Section 5.2. The Conflicting Goals

5.2. The Conflicting Goals

There are often two conflicting goals when trying to optimize the physical layout of data for a system that expects a large number of active users, some of them reading and others writing data. One goal is to try to store the data in as compact a way as possible and to help queries find it as quickly as possible. The other goal is to try to spread the data, so that several processes writing concurrently do not impede one another and cause contention and competition for resources that cannot be shared.

Even when there is no concurrency involved, there is always some tension when designing the physical aspect of a database, between trying to make both queries and updates (in the general sense of "changes to the data") as fast as possible. Indexing is an obvious case in point: people often index in anticipation of queries using the indexed columns as selection criteria. However, as seen in Chapter 3, the cost of maintaining indexes is extremely high and inserting into an index is often much more expensive than inserting into the underlying table alone.

Contention issues affect any data that has to be stored, especially in change-heavy transactional applications (I am using the generic term change to mean any insert, delete, and update operation). Various storage units and some very low layers of the operating system can take care of some contention issues. The files that contain the database data may be sliced, mirrored, and spread all over the place to ensure data integrity in case of hardware failure, as well as to limit contention.

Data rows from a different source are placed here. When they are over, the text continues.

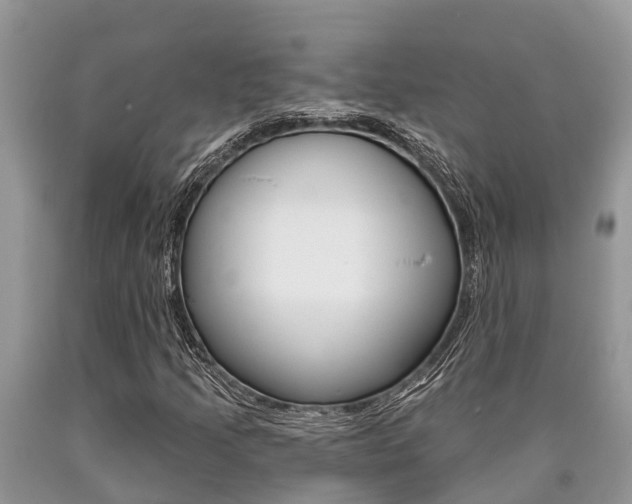 X0000090711205200707200944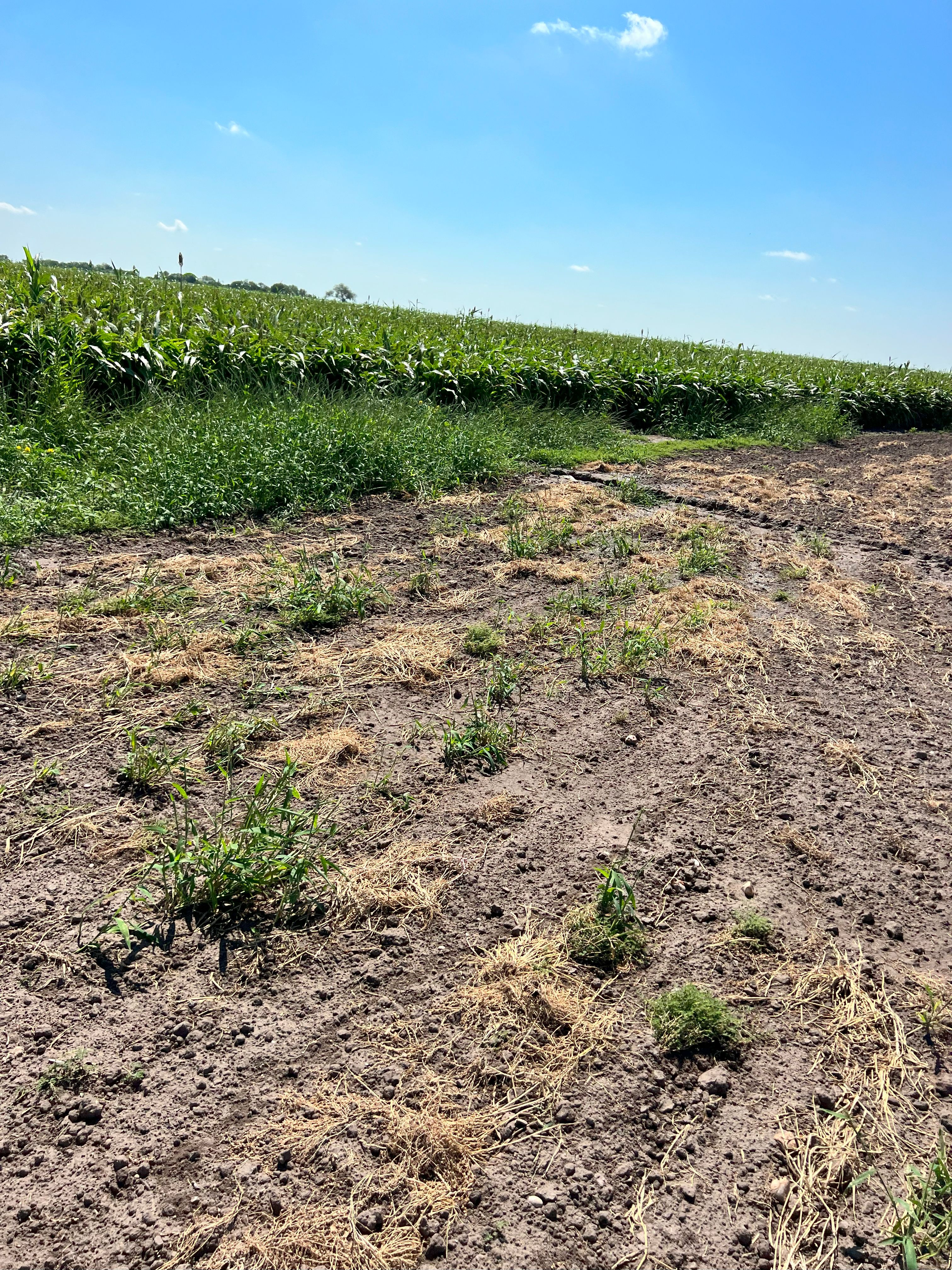 375+/- La Pryor Farm, Zavala County , La Pryor, TX 78872 - 物件實景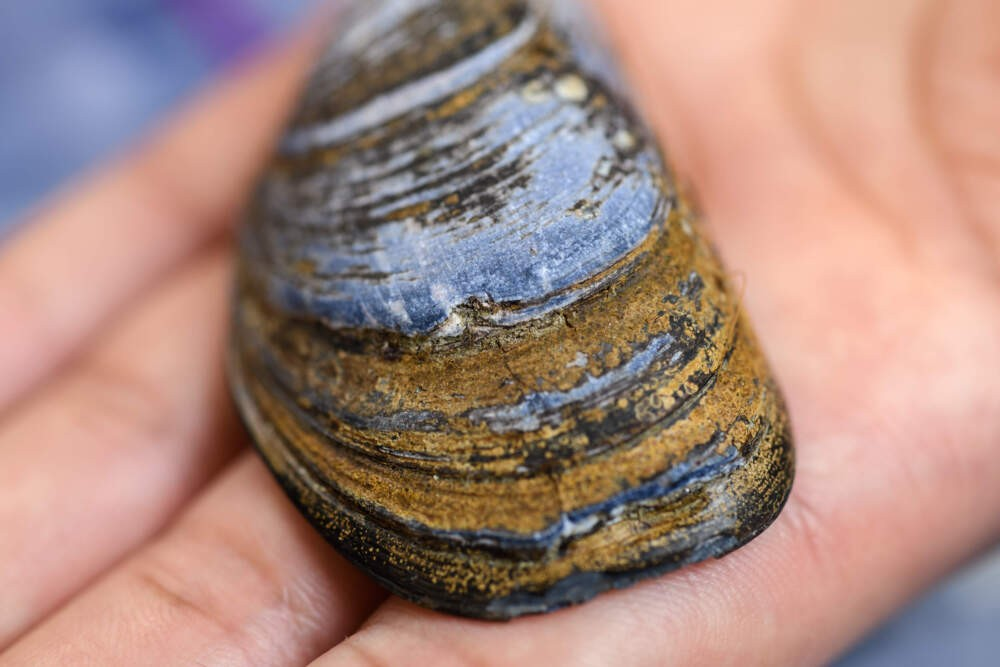 Blue common mussel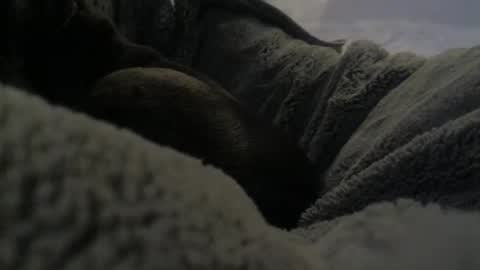 Snapshot of jackad44 chatting on October 2025 06:32:02 PM jackad44 online show from October 2025 06:32:02 PM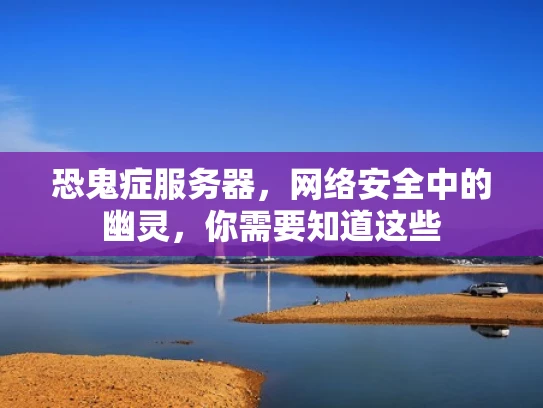恐鬼症服务器，网络安全中的幽灵，你需要知道这些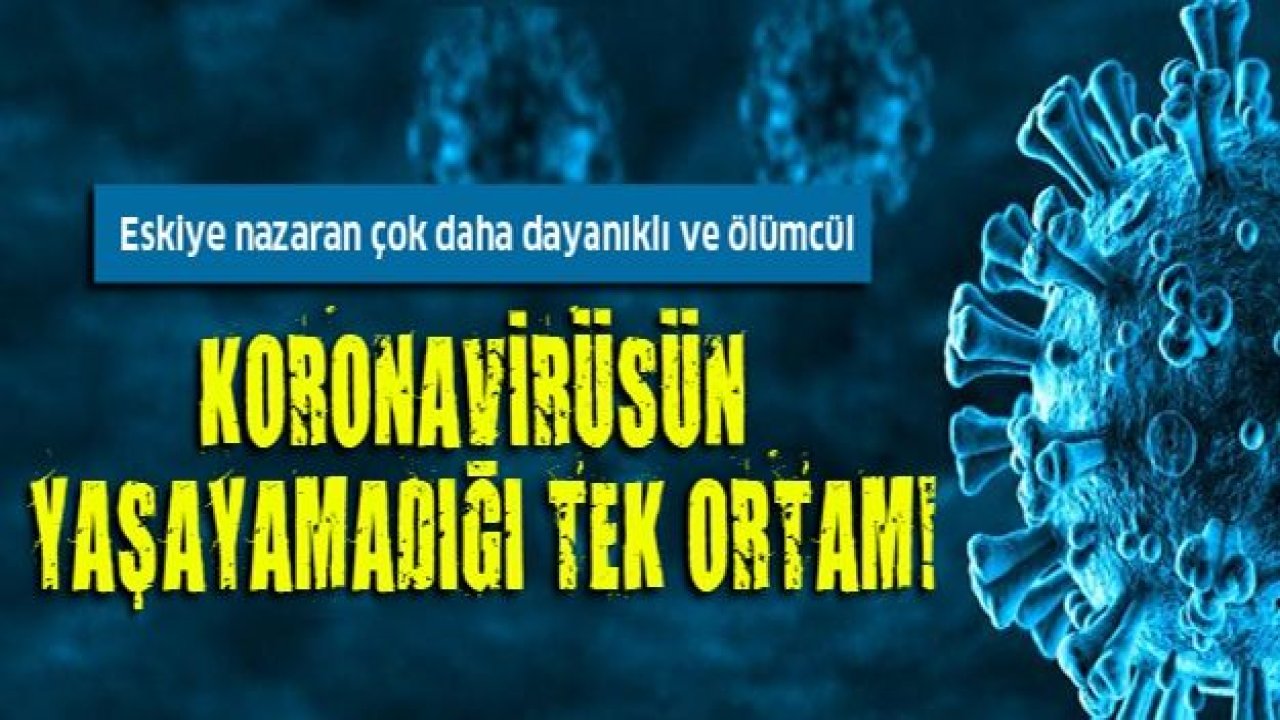 Koronavirüsün yaşayamadığı tek ortam!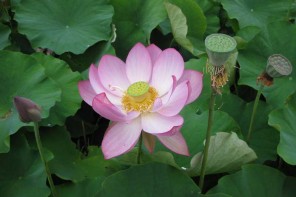 Blue Lotus Water Gardens at Yarra Junction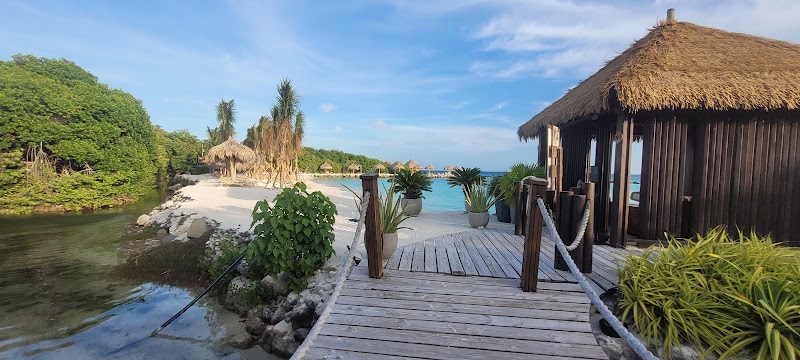 Flamingo Beach in Oranjestad-East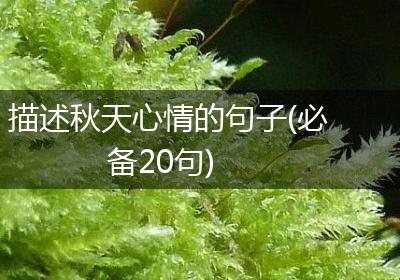 描述秋天心情的句子(必备20句)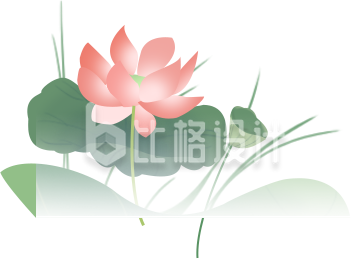 荷花丛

Unfortunately, relying on the operating system alone to deal with contention is not enough. The base units of data that a DBMS handles (known as pages or blocks depending on the product) are usually, even at the lowest layers, atomic from a database perspective, especially as they are ultimately all scanned in memory. Even when everything is perfect for the systems engineer, there may be pure DBMS performance issues.

To get the best possible response time, we must try to keep the number of data pages that have to be accessed by the database engine as low as possible. We have two principal means of decreasing the number of pages that will have to be accessed in the course of a query:

Trying to ensure a high data density per page
Grouping together those pieces of data most likely to be required during one retrieval process

However, trying to squeeze the data into as few pages as possible may not be the optimum approach where the same page is being written by several concurrent processes and perhaps also being read at the same time. Where that single data page is the subject of multiple read or write attempts, conflict resolution takes on an altogether more complex and serious dimension.

Many believe that the structure of a database is the exclusive responsibility of the database administrator. In reality, it is predominantly but not exclusively the responsibility of that very important person. The way in which you physically structure your data is extremely dependent on the nature of the data and its intended use. For example, partitioning can be a valuable aid in optimizing a physical design, but it should never be applied in a haphazard way. Because there is such an intimate relationship between process requirements and physical design , we often encounter profound conflicts between alternative designs for the same data when that data is shared between two or more business processes. This is just like the dilemma faced by the general on the battlefield, where the benefits of using alternative parts of his forces (infantry, cavalry, or artillery) have to be balanced against the suitability of the terrain across which he has to deploy them. The physical design of tables and indexes is one of those areas where database administrators and developers must work together, trying to match the available DBMS features in the best possible way against business requirements.

The sections to follow introduce some different strategies and show their impact on queries and updates from a single-process perspective, which, in practice, is usually the batch program perspective.

Reads and writes don't live in harmony: readers want data clustered; and concurrent writers want data scattered.